EXERCISE DESCRIPTION: Below are entries. Give back exactly the lines from the one containing "Structured Serenity –" through the one containing "AutoFu Cordless Impact", inclusive, without the pictures.

THE INPUT:

────────

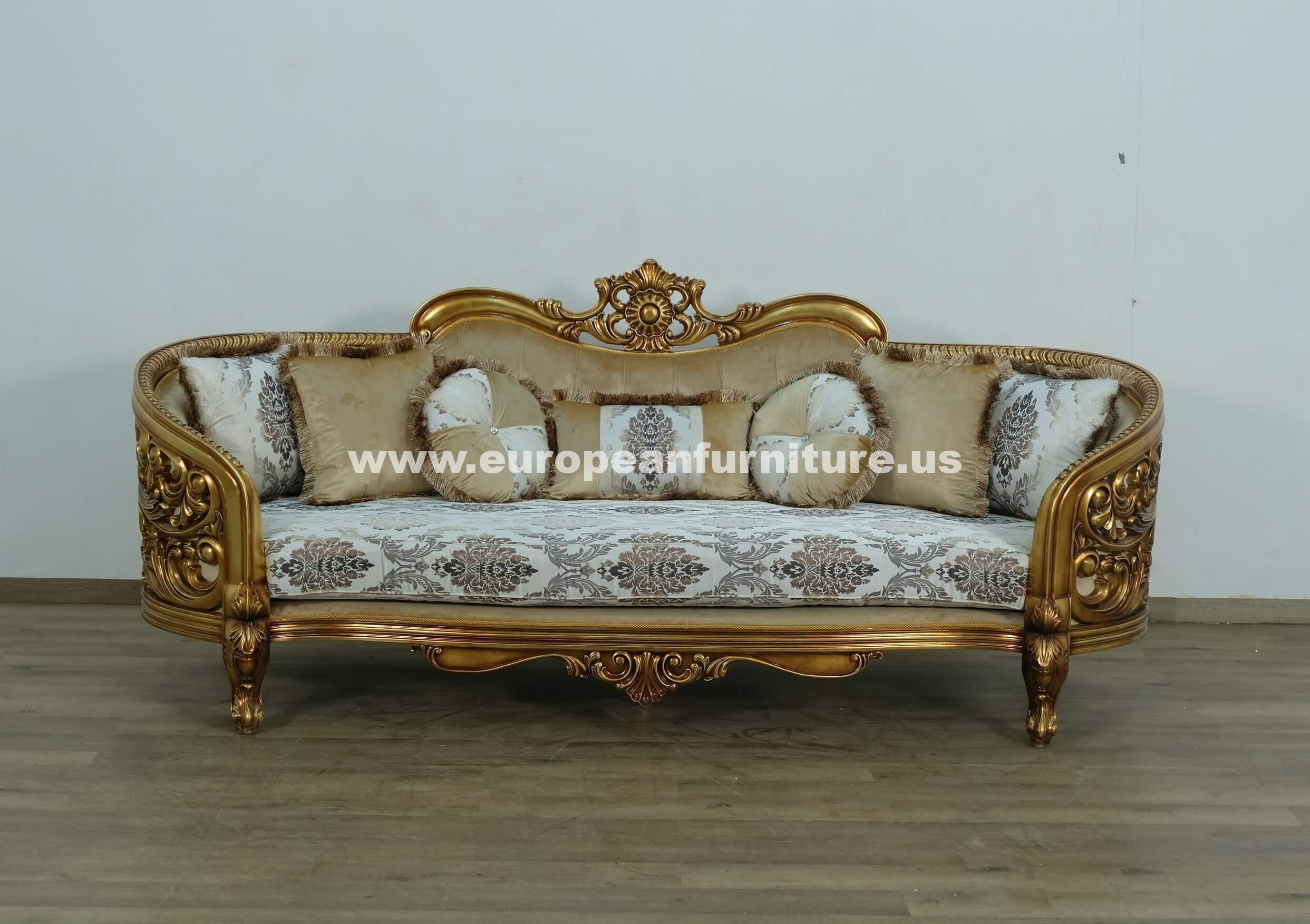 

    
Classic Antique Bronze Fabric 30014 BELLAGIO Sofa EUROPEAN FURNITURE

────────

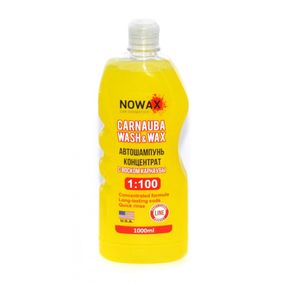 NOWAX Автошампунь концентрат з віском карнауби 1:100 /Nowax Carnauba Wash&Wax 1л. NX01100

────────

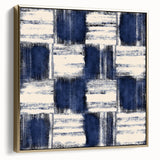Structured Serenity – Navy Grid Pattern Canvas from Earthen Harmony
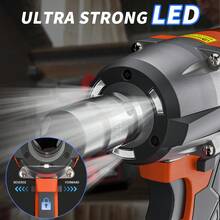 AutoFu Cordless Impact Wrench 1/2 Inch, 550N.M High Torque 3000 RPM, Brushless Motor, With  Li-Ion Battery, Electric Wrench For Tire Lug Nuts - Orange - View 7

────────

RESULT OF THE EXERCISE:
Structured Serenity – Navy Grid Pattern Canvas from Earthen Harmony
 AutoFu Cordless Impact Wrench 1/2 Inch, 550N.M High Torque 3000 RPM, Brushless Motor, With  Li-Ion Battery, Electric Wrench For Tire Lug Nuts - Orange - View 7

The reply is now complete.